A paso lento, la ruta reveló otra cara. La experiencia de andar a caballo siempre transforma el paisaje: las distancias parecen otras, los detalles se vuelven protagonistas. Cada arroyo es un desafío, cada casa con perros una señal de alerta. Pasé por la escuelita después del puente de Marmarajá, la comisaría, y continué por la ruta 8 vieja, recomendada para cabalgar.
Es un camino sereno, con arboledas que regalan sombra y una calma necesaria, aunque también con cicatrices: basura acumulada en algunos tramos, manchas que duelen en medio de tanta belleza.
El ingreso a Villa Serrana siempre es un momento especial. El asfalto facilita la llegada, aunque ya no queda aquella franja vegetal que acompañaba la ruta vieja.
El paisaje, sin embargo, habla de cambio: el invierno comenzaba a retirarse. Los verdes se mostraban más brillantes, tímidos todavía, pero cargados de promesa. Pájaros que no había visto en meses volaban cerca, como celebrando la transición de estación.
Villa Serrana late con vida. Camiones cargados con tanques de agua abastecen a los vecinos; las casas, muchas veces cerradas en otras épocas, ahora estaban habitadas. Parecía un pequeño pueblo alpino: movimiento en el supermercado de la entrada, familias recorriendo, turistas preguntando por alquiler de caballos. En contraste, la vieja casa y comercio de Perico permanecía cerrada, un símbolo que contrastaba con la vitalidad del resto.
Cerca de la represa Stewart, decidí dar un respiro a Ron. Bajé del caballo y caminé un par de kilómetros tirando de las riendas. Fue un regalo: así descubrí rincones como El Ventorrillo y los miradores, con vistas amplias sobre las sierras. La escuelita de Villa Serrana está hermosa.
La gente se acercaba con curiosidad, algunos querían alquilar mi caballo. Con una sonrisa respondí lo obvio: Ron no se alquila ni se vende. La reacción era siempre la misma: risa y asombro.
Más adelante, al tomar rumbo hacia el Camino del Marco de los Reyes, me crucé con un comercio que sí ofrecía caballos en alquiler. Varios autos esperaban turno. El caballo, pensé, sigue siendo un imán; un símbolo que no pierde vigencia en un mundo cada vez más digital.

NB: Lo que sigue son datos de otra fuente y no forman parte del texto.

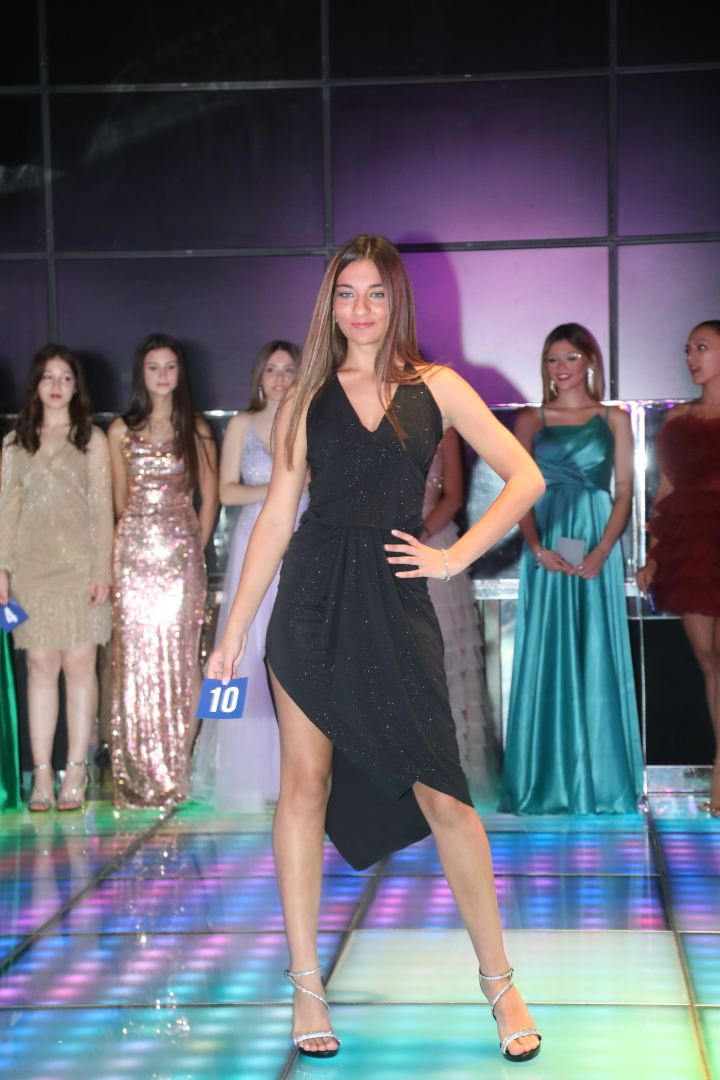 Talent Miss Granda | 8° TAPPA | CROCIERA | 2023 | 57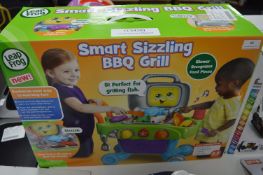 *Leapfrog Smart Sizzling BBQ Grill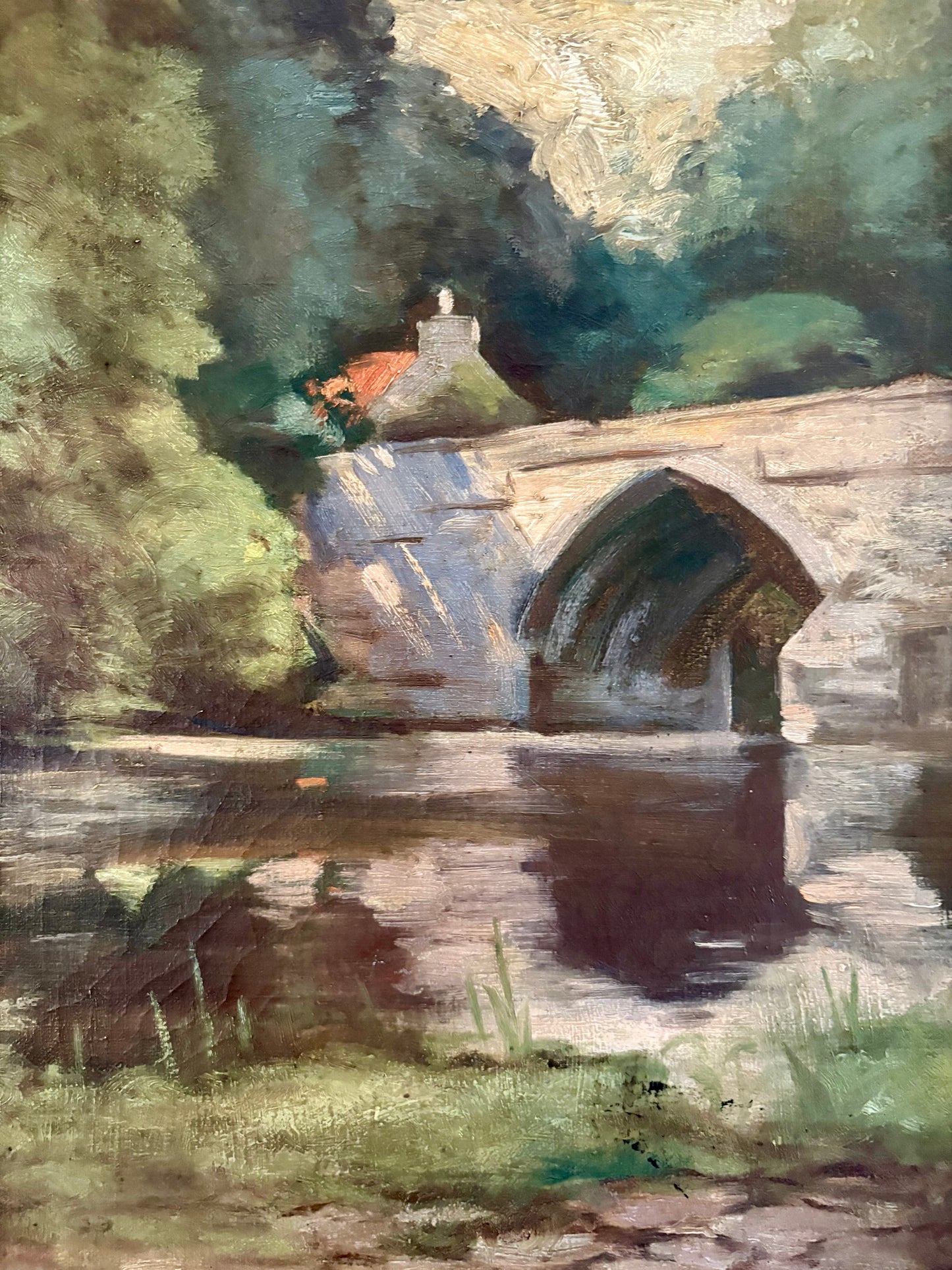 Cramond Brig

El trayecto final me llevó hasta la Portera Celeste, un punto mítico en el paisaje serrano. Desde allí, el camino hacia el Secreto de las Sierras serpenteado entre colinas y curvas, recién remozado, perfecto para recorrerlo a caballo.

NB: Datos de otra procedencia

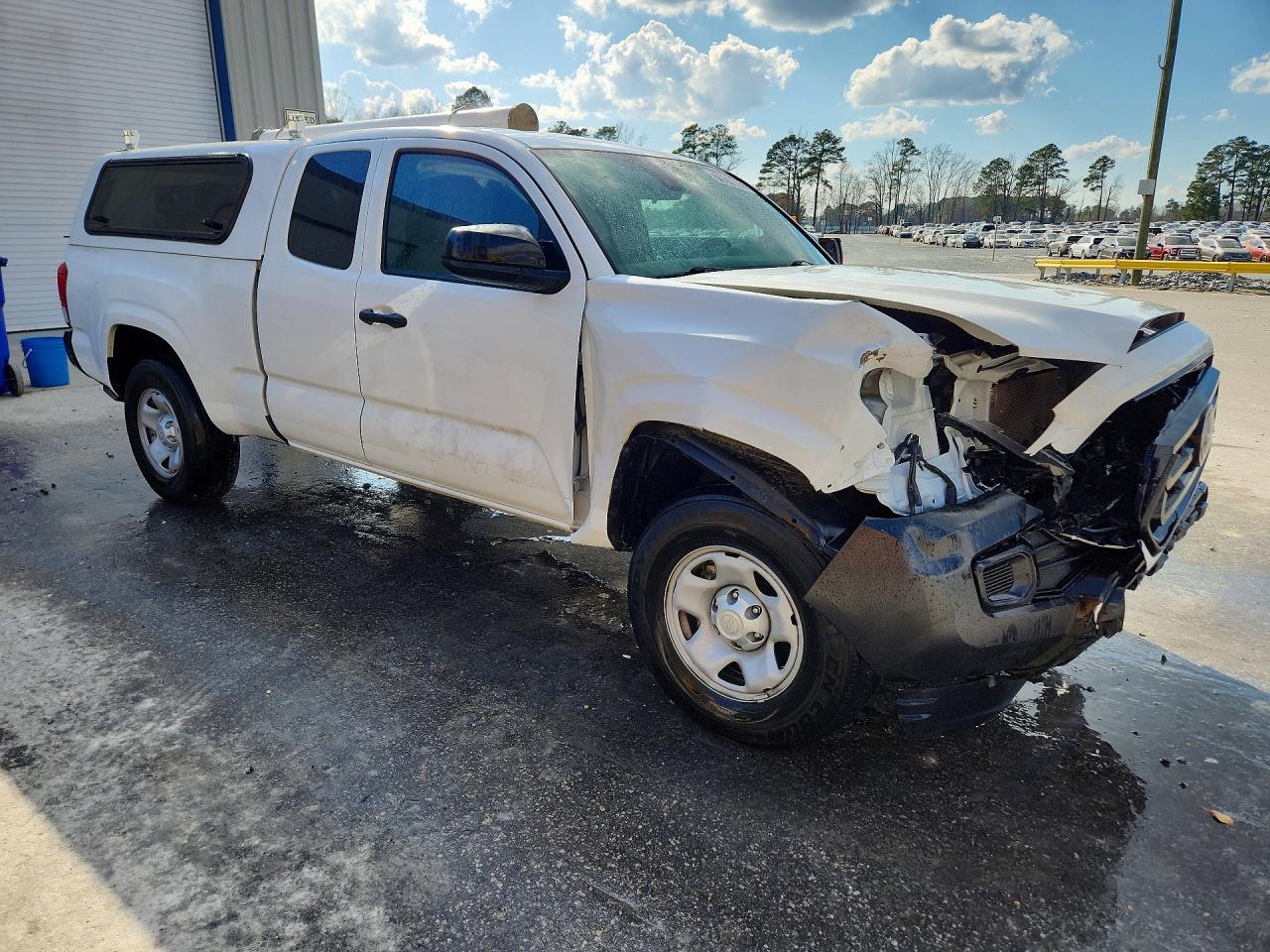 2023 Toyota Tacoma SR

El aire limpio, el sonido del trote resonando entre las piedras, y cada curva regalando una nueva postal.
Al llegar, la casa de los Caballero Franco nos recibió con la calidez de siempre. La mesa ya estaba lista: un mediodía acogedor con amigos y aromas familiares.
Morena, la hija de Noelia, compartía la tarde con su novio; Martín y Jenny, parte del equipo, se movían entre preparativos. Y Noelia, con su toque inconfundible, hizo una cremita de chocolate mientras en las brasas se cocinaba un asado generoso.
La sobremesa se estiró entre charlas y anécdotas, y la tarde culminó con una recorrida por las hectáreas del complejo. Cada rincón invitaba a descubrir un detalle nuevo: árboles que resistieron al viento, senderos que invitaban a caminar, miradores desde los que el sol empezaba a caer sobre las sierras.
El regreso quedaba para el día siguiente: buscar otra vez a Ron, repetir el circuito, vivir de nuevo la ruta, el aire y los cerros. Pero esa, como toda buena historia, merece ser contada aparte.